I’m trying to come up with healthy meals that I can make ahead of time so that we different options on activity nights. I love a nice family sit down meal, but some nights it just isn’t possible. So I am trying to figure out lots of meals that we can either pack up and go or eat quickly when we get home later than usual.
Jim and I recently started playing squash at our gym and I am kind of obsessed. My plan is to play every Thursday night and bring dinner to eat out by the pool afterwards (in order to get the kids to happily agree to our new plan.) We also have gymnastics on Tuesdays which makes for a late dinner. I found myself eating some strange meals (like eggs and canned collard greens) on a few nights that I wasn’t prepared, so I decided to start a list of options for these types of evenings.
Enter the Pineapple Chicken Salad.
I was surprised how much everyone liked these. My oldest daughter, Ella particularly loved them and I think she was even surprised how much. The first night we had them I served them in warmed whole wheat pitas and the second night we had them in wraps. Both were good, but I particularly liked the pitas.
The great thing about these is that you get everything in one shot. Lean Protein – check. Complex Carbohydrates – check. Fruits and Veggies – check. Yumminess – double check. The creaminess comes from a combo of greek yogurt and light mayo and there are some sliced almonds for that nutty crunch that I just love in chicken salad.
If I was going to take these to the pool I would probably stuff the pitas ahead of time and wrap them up in some foil for everyone. Throw some grapes or carrots in a plastic container and we can call it a meal.

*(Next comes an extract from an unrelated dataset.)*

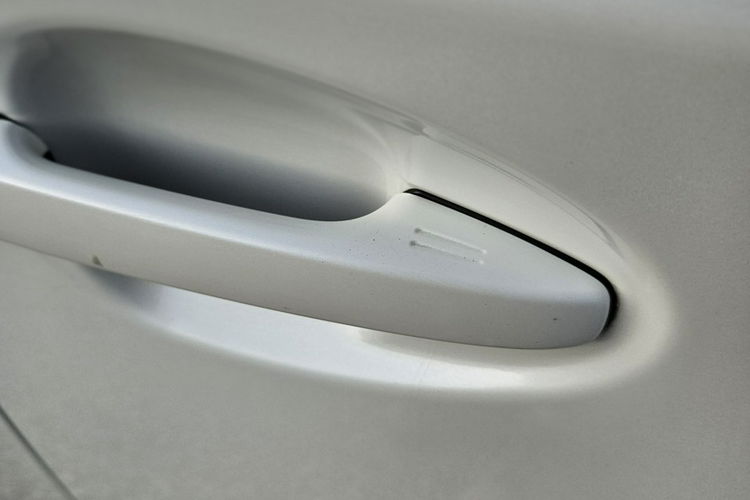 Toyota Prius 1.8 HSD 136KM Xenon Navi Hand Free Lift Kamera Skóra Full Led JBL zdjęcie 18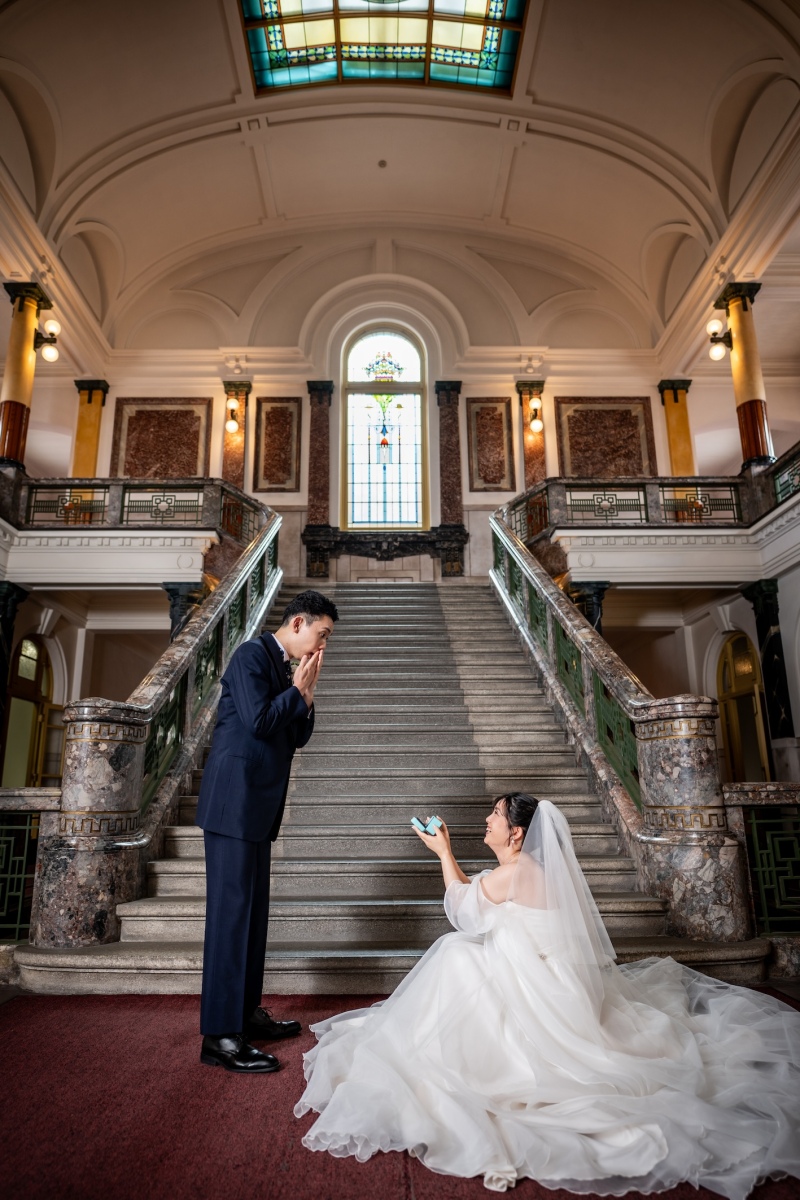 【市政資料館】大階段前で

PS….I am starting a new tag for Busy Night Meals. I would also love to hear any suggestions for meals for busy nights. I need to be able to make everything ahead of time and ideally it should be portable or easy to reheat.
Source: Cooking Light via MyRecipes.com
- 2½ cups chopped cooked chicken breast (about 1 pound)
- ½ cup matchstick-cut carrots
- ⅓ cup sliced almonds, toasted
- ⅓ cup light mayonnaise
- ¼ cup finely chopped green onions
- ¼ cup plain fat-free yogurt (I used Greek)
- 1 tablespoon Worcestershire sauce
- ½ teaspoon garlic powder
- ¼ teaspoon salt
- ¼ teaspoon black pepper
- 1 (8-ounce) can crushed pineapple in juice, drained
- 4 (6-inch) whole wheat pitas, each cut in half
- 8 Romaine lettuce leaves
- Combine all the salad ingredients in a bowl and combine thoroughly. Allow to chill for at least one hour. Line each pita with a romaine leaf and stuff pita with about ⅓ cup of chicken salad.